- _Pictures with short captions_
________________________________________
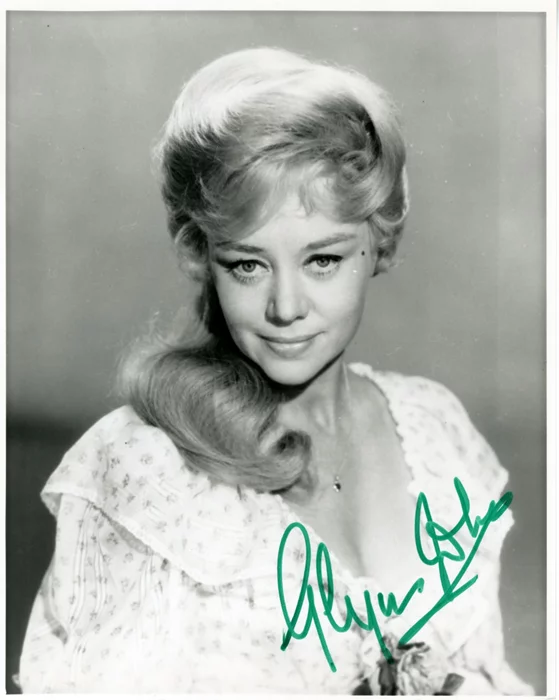 Glynis Johns autograph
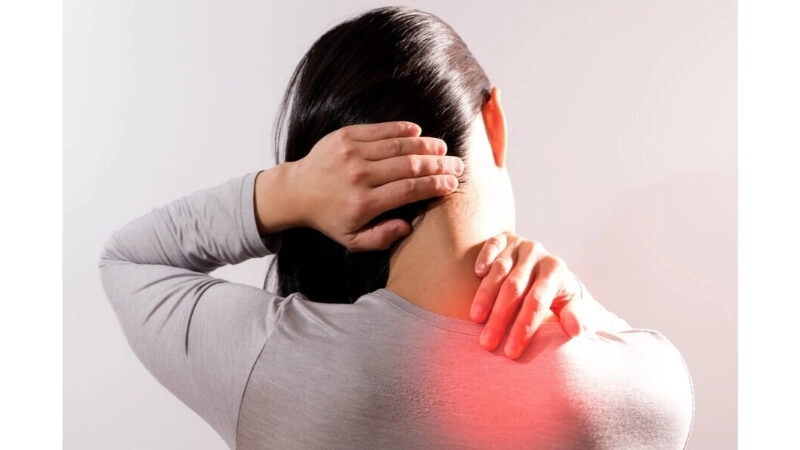 Mẹo dân gian chữa đau vai gáy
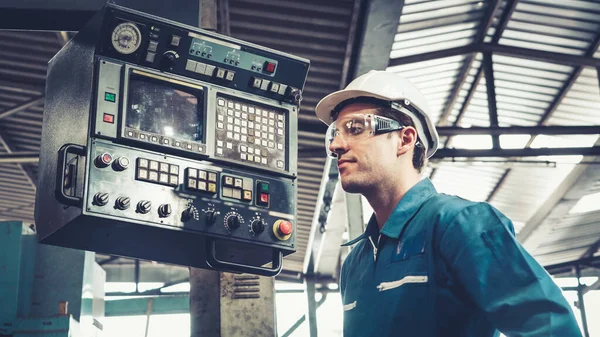 Trabalhador de fábrica inteligente usando a máquina na oficina de fábrica — Fotografia de Stock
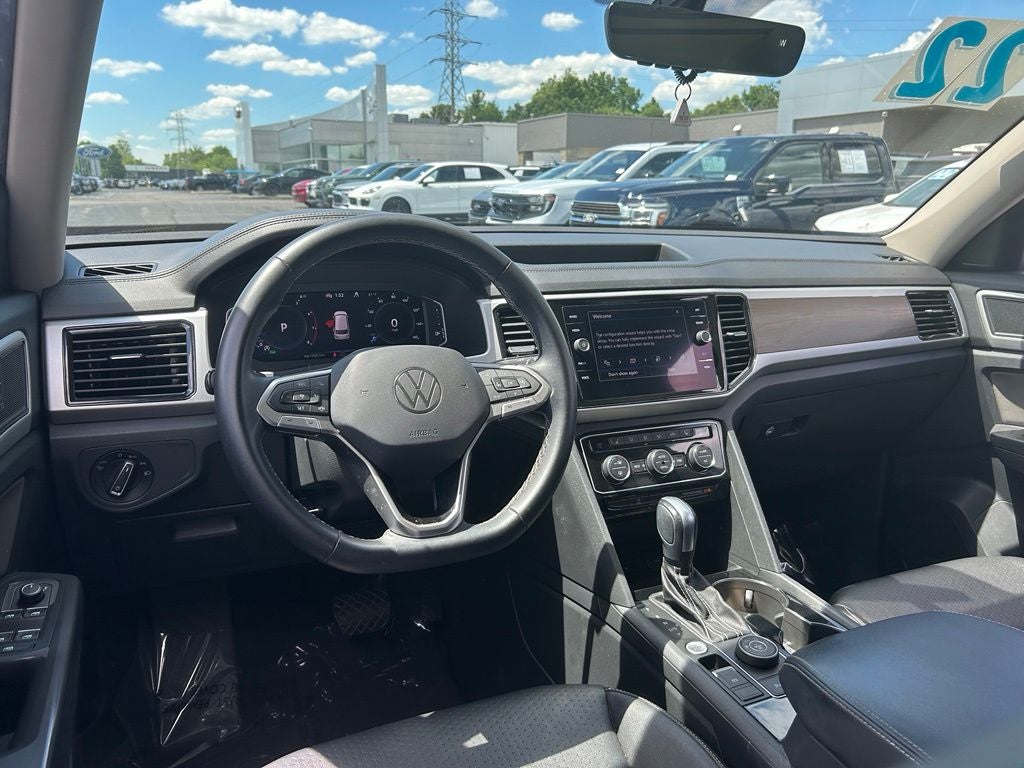 2022 Volkswagen Atlas 3.6L V6 SE w/Technology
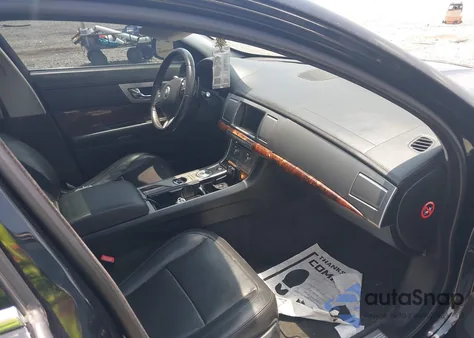 2011 Jaguar Xf Premium из США, поврежденный, VIN SAJWA0GB9BLS18763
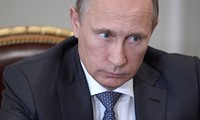 Путин поручил проработать ответные меры на санкции со стороны западных стран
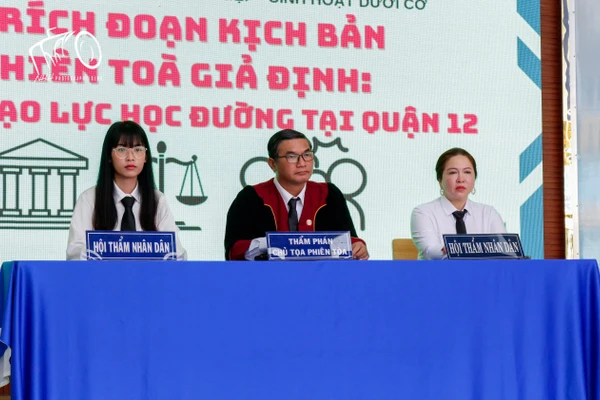 Phiên tòa giả định được tổ chức tại Trường THPT Nguyễn Hữu Huân. Ảnh: NTCC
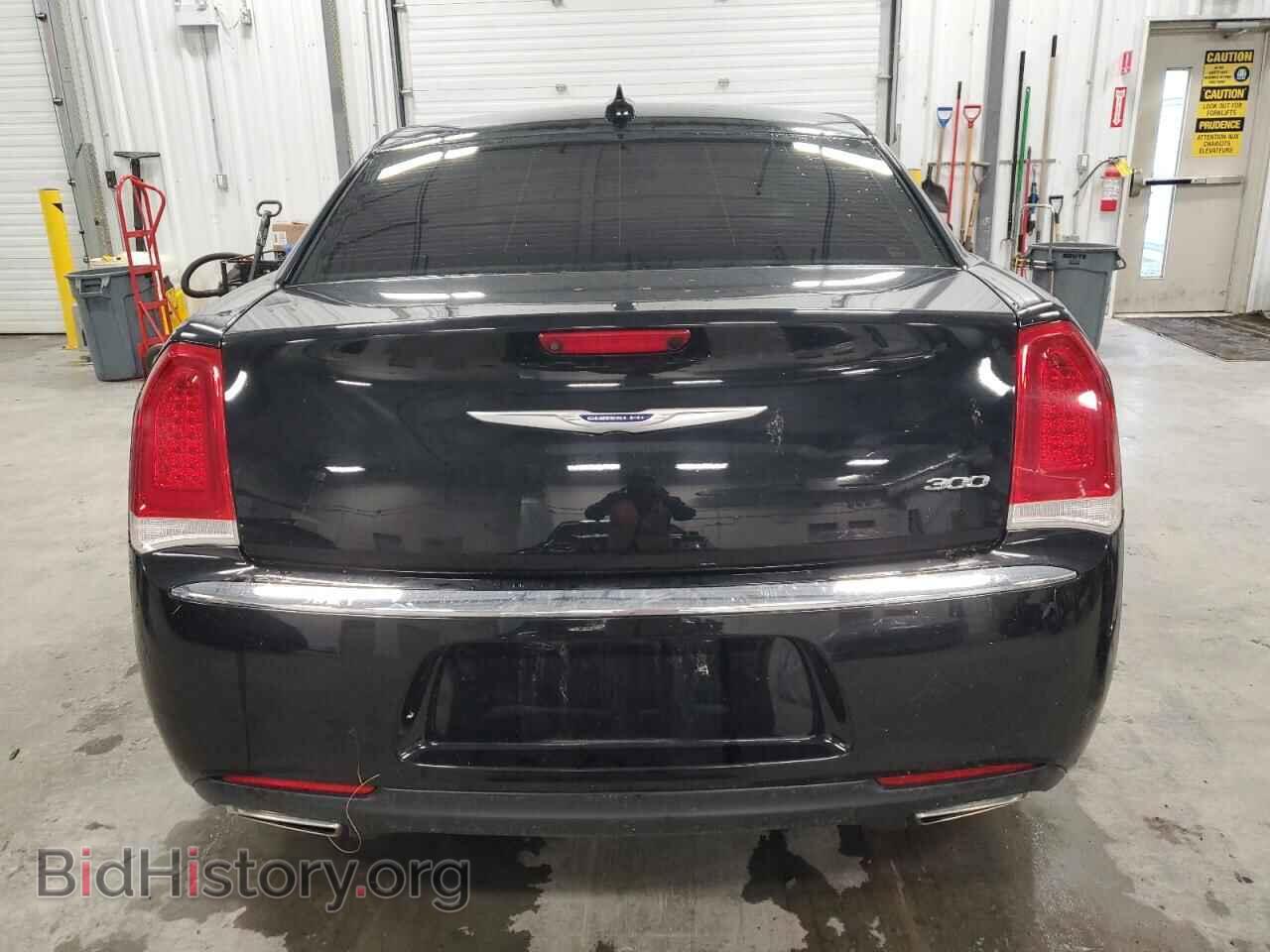 2019 CHRYSLER 300 - VIN: 2C3CCAAG6KH611997 - Фото 6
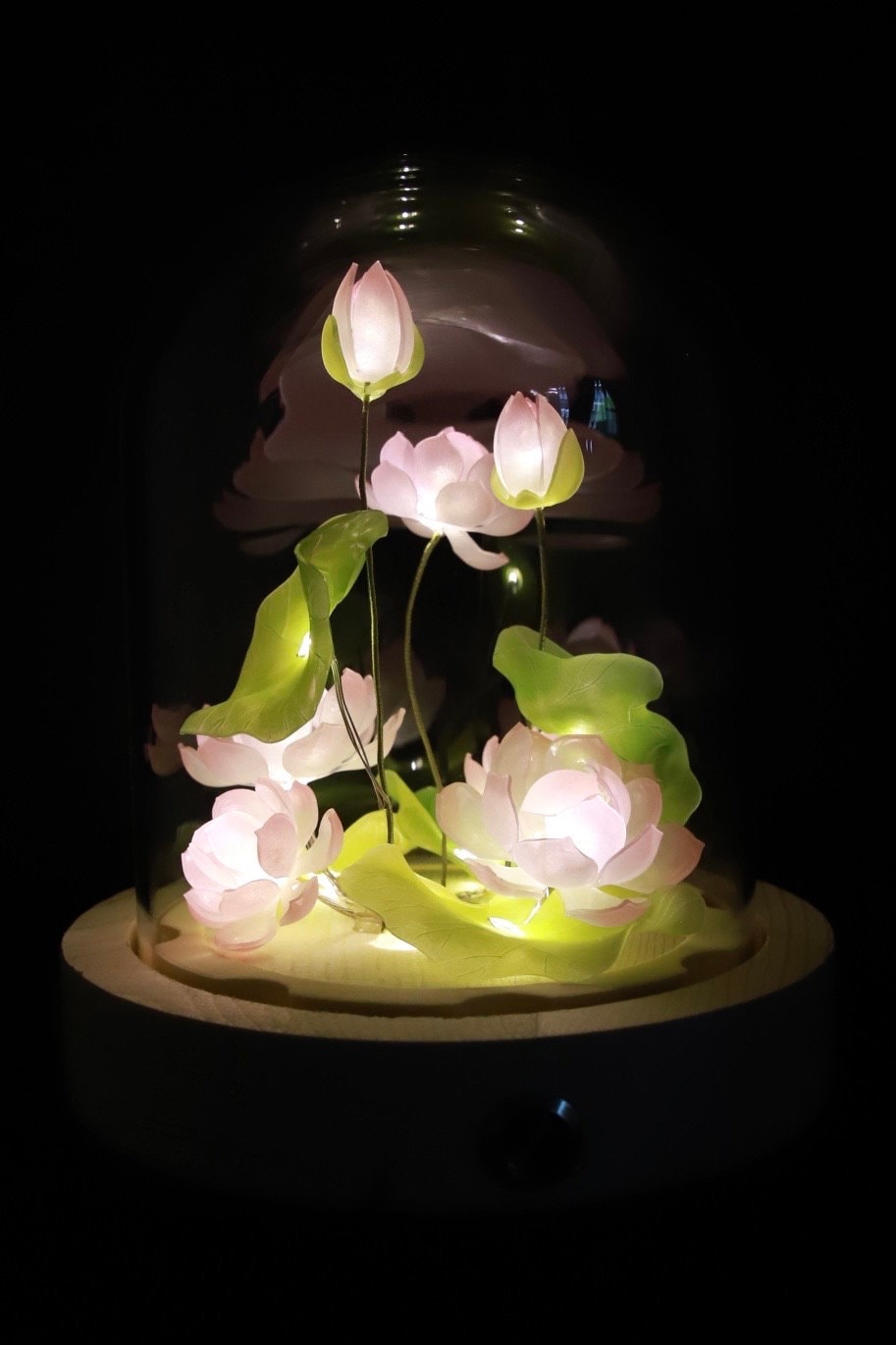Handmade Lotus Flower Night Light, Glass Dome Flower Lamp, Lotus Lamp with Goldfish, Lotus Night Light, Flower Dome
________________________________________
Without the pictures, restate each entry exactly.

- _Completed task_
 Glynis Johns autograph
 Mẹo dân gian chữa đau vai gáy
 Trabalhador de fábrica inteligente usando a máquina na oficina de fábrica — Fotografia de Stock
 2022 Volkswagen Atlas 3.6L V6 SE w/Technology
 2011 Jaguar Xf Premium из США, поврежденный, VIN SAJWA0GB9BLS18763
 Путин поручил проработать ответные меры на санкции со стороны западных стран
 Phiên tòa giả định được tổ chức tại Trường THPT Nguyễn Hữu Huân. Ảnh: NTCC
 2019 CHRYSLER 300 - VIN: 2C3CCAAG6KH611997 - Фото 6
Handmade Lotus Flower Night Light, Glass Dome Flower Lamp, Lotus Lamp with Goldfish, Lotus Night Light, Flower Dome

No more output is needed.